### Available data

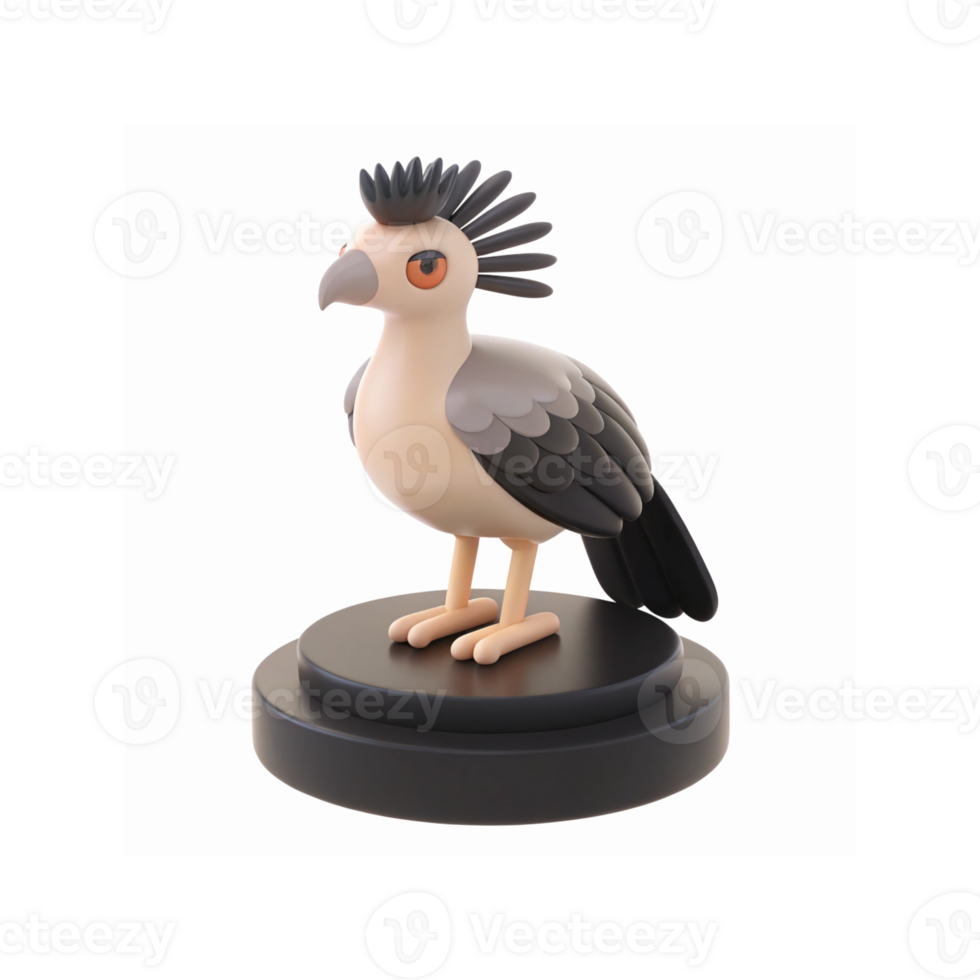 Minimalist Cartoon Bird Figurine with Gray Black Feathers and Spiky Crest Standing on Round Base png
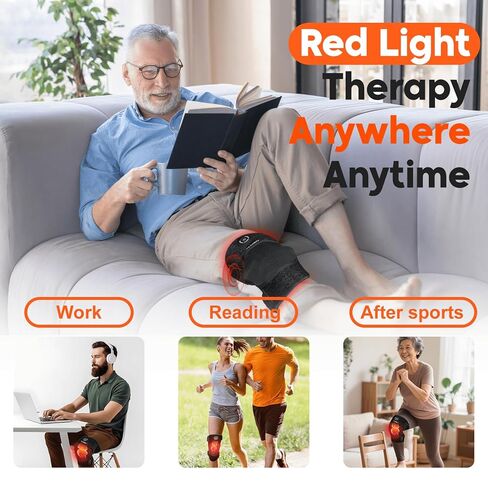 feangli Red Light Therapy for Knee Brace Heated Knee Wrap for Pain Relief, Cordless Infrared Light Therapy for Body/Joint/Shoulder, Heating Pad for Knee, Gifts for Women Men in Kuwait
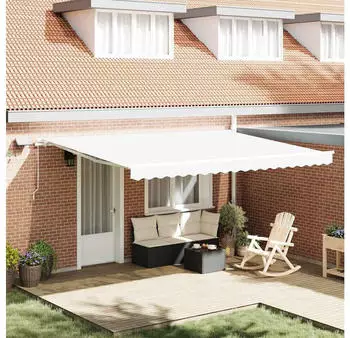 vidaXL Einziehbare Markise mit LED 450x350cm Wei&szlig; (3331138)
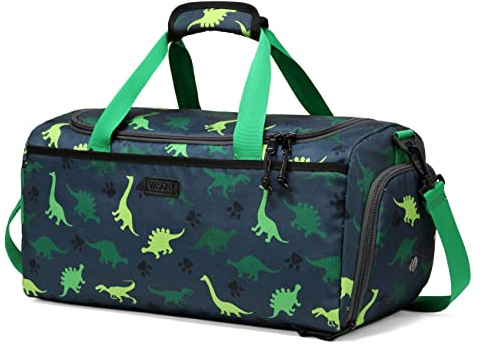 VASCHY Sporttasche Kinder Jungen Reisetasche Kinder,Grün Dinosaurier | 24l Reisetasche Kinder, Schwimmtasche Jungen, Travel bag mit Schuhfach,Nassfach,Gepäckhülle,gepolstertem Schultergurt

### Work request
Repeat verbatim all the material, but not the pictures.

### Problem solution
 Minimalist Cartoon Bird Figurine with Gray Black Feathers and Spiky Crest Standing on Round Base png
 feangli Red Light Therapy for Knee Brace Heated Knee Wrap for Pain Relief, Cordless Infrared Light Therapy for Body/Joint/Shoulder, Heating Pad for Knee, Gifts for Women Men in Kuwait
 vidaXL Einziehbare Markise mit LED 450x350cm Wei&szlig; (3331138)
 VASCHY Sporttasche Kinder Jungen Reisetasche Kinder,Grün Dinosaurier | 24l Reisetasche Kinder, Schwimmtasche Jungen, Travel bag mit Schuhfach,Nassfach,Gepäckhülle,gepolstertem Schultergurt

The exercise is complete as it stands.